Sometimes I like to mess with my husband and say things like “Honey, please hand me a waffle knife” and watch him panic.
My parents never allowed violent video games. Just family-friendly board games with questions like, “Who murdered this guy with a pipe?”
Son #1: How long have we owned this house?
Me: You mean how long have I owned this house.
S1: No, I mean we. We share it, right?
Me: [Mufasa voice] Look around you, son. Everything the light touches … belongs to me.
If it’s only polite to take your shoes off as a guest in someone’s home, stripping fully nude should be considered a truly honorable action.
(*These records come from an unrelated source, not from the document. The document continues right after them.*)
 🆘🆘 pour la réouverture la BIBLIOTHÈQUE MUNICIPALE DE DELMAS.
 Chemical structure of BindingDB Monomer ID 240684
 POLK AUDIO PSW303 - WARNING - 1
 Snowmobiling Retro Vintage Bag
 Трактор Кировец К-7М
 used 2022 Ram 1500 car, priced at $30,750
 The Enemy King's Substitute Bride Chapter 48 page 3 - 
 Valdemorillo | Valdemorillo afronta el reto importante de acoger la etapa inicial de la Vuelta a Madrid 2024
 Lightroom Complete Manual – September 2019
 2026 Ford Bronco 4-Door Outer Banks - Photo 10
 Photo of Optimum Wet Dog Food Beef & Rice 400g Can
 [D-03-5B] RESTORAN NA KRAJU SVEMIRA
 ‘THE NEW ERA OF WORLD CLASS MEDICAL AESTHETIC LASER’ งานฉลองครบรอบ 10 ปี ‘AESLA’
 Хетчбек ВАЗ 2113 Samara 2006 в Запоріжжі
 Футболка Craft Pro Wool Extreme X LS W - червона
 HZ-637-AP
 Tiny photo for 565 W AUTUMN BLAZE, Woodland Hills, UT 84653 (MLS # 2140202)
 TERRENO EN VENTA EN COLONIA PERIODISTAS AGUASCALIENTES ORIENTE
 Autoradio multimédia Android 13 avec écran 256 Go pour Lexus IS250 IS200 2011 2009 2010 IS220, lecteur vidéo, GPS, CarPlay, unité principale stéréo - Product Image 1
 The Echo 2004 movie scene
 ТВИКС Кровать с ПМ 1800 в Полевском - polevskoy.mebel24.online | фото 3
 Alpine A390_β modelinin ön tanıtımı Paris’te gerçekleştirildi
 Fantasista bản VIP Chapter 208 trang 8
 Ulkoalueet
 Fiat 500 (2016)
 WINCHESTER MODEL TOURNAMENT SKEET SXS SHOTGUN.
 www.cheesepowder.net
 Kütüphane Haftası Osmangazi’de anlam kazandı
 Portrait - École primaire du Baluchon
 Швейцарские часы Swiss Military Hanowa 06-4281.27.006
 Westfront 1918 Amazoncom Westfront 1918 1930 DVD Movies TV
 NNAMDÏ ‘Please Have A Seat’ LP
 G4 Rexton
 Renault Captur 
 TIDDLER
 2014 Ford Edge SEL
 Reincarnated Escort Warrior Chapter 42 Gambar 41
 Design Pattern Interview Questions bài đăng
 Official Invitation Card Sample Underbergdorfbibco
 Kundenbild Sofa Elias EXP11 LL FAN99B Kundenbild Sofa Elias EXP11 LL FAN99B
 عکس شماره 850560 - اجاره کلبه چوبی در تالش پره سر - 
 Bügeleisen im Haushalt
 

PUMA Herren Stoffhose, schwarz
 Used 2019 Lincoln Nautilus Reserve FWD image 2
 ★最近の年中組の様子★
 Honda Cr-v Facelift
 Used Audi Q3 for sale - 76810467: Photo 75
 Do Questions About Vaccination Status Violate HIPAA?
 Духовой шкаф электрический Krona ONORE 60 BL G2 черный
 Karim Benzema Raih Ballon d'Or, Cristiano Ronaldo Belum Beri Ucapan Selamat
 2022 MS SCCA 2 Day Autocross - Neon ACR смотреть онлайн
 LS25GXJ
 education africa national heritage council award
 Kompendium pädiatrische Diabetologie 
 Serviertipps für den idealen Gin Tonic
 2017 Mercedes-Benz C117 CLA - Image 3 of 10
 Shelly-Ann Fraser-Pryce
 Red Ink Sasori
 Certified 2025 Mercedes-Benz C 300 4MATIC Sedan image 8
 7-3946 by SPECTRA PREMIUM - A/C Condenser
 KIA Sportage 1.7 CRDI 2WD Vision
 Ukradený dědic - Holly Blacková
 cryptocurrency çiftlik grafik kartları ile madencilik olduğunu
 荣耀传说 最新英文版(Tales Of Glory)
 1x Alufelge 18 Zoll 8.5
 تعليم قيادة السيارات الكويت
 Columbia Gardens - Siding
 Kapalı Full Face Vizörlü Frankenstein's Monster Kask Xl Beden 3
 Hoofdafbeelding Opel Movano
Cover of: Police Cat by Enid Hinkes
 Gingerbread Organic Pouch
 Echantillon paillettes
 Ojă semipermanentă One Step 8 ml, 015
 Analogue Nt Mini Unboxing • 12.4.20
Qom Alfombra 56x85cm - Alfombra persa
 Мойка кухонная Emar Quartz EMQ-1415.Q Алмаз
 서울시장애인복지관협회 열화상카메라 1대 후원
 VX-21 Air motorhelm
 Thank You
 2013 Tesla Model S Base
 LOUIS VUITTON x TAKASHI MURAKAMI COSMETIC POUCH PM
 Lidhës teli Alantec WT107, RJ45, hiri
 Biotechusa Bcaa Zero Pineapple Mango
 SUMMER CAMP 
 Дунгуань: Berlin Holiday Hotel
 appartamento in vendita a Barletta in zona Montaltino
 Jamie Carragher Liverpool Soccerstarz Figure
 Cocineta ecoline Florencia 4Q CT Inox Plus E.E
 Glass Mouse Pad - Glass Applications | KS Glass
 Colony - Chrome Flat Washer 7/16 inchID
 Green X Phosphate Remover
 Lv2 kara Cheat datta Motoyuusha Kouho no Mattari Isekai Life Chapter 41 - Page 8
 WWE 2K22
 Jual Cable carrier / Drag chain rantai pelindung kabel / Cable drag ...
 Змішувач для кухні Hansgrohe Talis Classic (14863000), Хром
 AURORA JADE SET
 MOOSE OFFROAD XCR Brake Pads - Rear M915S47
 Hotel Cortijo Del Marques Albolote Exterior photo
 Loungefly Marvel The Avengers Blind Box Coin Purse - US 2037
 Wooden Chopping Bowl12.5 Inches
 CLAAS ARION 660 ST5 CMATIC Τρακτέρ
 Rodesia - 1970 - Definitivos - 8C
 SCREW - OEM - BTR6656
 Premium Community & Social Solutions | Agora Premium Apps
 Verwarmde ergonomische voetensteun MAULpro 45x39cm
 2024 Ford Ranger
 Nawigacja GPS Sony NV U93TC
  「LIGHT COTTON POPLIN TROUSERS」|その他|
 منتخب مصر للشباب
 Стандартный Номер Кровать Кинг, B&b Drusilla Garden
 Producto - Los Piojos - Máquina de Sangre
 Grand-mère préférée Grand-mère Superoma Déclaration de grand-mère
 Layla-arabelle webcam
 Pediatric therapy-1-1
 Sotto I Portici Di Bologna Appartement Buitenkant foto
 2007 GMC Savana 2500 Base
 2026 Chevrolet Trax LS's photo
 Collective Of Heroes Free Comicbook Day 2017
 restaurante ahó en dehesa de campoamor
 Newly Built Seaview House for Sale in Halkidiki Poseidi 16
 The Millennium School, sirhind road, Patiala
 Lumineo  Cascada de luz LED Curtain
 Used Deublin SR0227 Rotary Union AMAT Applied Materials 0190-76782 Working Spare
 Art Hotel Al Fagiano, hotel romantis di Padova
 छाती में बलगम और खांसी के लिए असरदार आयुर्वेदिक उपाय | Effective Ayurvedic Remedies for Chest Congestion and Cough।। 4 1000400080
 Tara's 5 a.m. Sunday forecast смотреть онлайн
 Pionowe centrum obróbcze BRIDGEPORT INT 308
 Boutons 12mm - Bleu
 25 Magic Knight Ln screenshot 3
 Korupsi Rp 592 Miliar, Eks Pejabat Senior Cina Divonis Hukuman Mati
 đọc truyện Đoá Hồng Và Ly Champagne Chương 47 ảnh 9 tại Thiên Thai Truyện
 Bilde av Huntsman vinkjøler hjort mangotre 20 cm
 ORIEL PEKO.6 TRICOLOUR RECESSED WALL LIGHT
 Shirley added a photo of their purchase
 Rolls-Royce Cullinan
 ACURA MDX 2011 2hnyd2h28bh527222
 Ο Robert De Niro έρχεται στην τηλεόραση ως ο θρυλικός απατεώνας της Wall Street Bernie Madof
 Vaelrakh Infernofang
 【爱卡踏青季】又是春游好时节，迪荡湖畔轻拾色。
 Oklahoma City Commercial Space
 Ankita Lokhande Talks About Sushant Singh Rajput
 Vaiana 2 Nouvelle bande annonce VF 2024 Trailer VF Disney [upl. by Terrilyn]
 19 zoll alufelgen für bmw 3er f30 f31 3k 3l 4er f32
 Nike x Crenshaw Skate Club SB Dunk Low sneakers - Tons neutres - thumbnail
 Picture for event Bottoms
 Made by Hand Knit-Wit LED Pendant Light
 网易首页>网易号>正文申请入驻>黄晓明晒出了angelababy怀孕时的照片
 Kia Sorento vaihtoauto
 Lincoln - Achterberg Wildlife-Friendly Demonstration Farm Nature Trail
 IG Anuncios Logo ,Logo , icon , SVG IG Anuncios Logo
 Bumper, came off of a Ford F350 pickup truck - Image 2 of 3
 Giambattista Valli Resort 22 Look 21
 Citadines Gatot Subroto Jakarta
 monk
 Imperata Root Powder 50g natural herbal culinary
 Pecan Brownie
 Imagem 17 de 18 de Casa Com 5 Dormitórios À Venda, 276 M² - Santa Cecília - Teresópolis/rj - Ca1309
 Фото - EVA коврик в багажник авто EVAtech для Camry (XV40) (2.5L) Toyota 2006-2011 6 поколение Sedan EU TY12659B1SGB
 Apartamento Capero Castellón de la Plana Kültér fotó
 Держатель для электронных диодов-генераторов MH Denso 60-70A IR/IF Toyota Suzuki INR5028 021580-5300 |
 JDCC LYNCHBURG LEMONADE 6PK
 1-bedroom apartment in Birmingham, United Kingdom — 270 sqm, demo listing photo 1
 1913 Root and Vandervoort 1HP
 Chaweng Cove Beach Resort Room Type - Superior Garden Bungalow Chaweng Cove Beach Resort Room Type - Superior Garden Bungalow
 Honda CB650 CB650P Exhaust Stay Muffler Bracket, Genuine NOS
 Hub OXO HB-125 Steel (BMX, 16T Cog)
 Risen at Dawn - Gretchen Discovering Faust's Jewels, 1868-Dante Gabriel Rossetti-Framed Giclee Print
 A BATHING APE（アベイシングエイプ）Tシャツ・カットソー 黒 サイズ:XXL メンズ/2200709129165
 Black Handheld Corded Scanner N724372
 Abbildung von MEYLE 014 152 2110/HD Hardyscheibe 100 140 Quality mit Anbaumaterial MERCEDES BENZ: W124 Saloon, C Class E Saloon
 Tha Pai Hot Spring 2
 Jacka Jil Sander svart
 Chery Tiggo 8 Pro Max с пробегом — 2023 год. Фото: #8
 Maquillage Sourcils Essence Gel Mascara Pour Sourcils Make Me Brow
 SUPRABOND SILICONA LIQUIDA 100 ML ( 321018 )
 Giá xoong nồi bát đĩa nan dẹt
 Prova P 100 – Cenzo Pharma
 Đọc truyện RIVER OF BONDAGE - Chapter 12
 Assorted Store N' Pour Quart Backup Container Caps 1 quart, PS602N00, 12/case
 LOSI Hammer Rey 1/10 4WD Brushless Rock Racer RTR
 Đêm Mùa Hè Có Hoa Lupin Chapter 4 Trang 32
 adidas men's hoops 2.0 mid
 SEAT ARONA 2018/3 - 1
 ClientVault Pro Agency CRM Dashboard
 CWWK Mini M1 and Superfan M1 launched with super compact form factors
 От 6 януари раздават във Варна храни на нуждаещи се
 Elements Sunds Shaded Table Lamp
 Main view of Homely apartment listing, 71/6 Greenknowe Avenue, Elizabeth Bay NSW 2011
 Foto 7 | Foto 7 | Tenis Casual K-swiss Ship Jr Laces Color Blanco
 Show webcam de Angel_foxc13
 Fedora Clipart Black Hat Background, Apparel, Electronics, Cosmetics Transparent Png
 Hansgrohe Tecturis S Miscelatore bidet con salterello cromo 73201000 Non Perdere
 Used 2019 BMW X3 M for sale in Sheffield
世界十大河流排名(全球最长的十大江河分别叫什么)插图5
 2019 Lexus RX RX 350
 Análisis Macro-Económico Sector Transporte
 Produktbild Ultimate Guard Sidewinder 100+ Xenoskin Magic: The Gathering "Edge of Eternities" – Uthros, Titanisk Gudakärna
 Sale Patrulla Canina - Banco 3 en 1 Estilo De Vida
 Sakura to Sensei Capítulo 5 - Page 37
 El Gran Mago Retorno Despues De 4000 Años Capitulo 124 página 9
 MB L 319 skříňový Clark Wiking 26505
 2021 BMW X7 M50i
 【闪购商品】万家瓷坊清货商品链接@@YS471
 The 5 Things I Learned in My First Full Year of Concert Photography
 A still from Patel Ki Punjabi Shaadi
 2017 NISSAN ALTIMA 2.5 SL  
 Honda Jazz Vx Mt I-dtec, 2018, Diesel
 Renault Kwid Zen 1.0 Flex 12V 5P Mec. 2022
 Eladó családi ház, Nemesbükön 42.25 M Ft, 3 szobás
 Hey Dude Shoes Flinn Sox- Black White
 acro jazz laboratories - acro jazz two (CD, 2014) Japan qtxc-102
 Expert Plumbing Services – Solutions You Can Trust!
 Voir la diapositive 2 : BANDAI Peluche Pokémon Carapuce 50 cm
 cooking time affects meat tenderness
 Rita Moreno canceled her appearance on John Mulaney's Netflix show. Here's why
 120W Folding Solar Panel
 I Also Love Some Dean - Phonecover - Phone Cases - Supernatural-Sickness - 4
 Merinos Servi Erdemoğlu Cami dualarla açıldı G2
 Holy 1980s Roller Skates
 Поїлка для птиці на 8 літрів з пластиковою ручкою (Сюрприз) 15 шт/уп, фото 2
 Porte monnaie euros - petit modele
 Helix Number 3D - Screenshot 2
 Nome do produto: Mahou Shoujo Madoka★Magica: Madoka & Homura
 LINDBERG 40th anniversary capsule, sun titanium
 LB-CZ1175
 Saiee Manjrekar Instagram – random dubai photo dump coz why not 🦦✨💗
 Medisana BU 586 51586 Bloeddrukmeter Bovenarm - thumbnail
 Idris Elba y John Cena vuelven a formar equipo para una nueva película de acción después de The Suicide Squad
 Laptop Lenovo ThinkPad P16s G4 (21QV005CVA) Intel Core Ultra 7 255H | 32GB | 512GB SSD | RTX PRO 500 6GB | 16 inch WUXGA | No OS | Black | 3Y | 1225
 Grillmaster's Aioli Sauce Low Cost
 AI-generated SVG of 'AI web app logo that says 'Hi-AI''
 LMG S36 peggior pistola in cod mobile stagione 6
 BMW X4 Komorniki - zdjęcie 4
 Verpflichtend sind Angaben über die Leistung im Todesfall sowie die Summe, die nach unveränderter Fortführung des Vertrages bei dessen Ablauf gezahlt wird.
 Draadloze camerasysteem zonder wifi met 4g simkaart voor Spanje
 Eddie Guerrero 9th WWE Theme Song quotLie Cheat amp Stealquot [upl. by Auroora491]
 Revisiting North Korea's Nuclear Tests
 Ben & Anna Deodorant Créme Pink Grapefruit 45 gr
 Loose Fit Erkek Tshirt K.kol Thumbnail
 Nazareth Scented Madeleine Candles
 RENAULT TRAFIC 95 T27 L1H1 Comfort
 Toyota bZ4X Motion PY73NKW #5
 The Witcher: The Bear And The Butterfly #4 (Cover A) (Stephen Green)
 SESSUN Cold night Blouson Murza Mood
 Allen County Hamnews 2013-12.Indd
I’m a highly motivated procrastinator.
[interrogation]
Cop: what were you doing last nite?
Me: I was killin my neighbour, Bert
Cop: louder for the tape please
Me [leaning in]: I was filling in paperwork. I’m a busy guy
Apparently my son “looks like daddy” when he’s wearing half of his food
I’ll take all that stuff you’re giving up for lent.
[in high school]
me: that’s the guy I like…
friend, speaking super loud: YOU MEAN BRIAN-
me:
My Twitter crush is 4,762-timing me!
Therapist: do u communicate with your kids?
Me: my son stays in his room all day & never speaks
Therapist [looks at notes]: the 5 week old?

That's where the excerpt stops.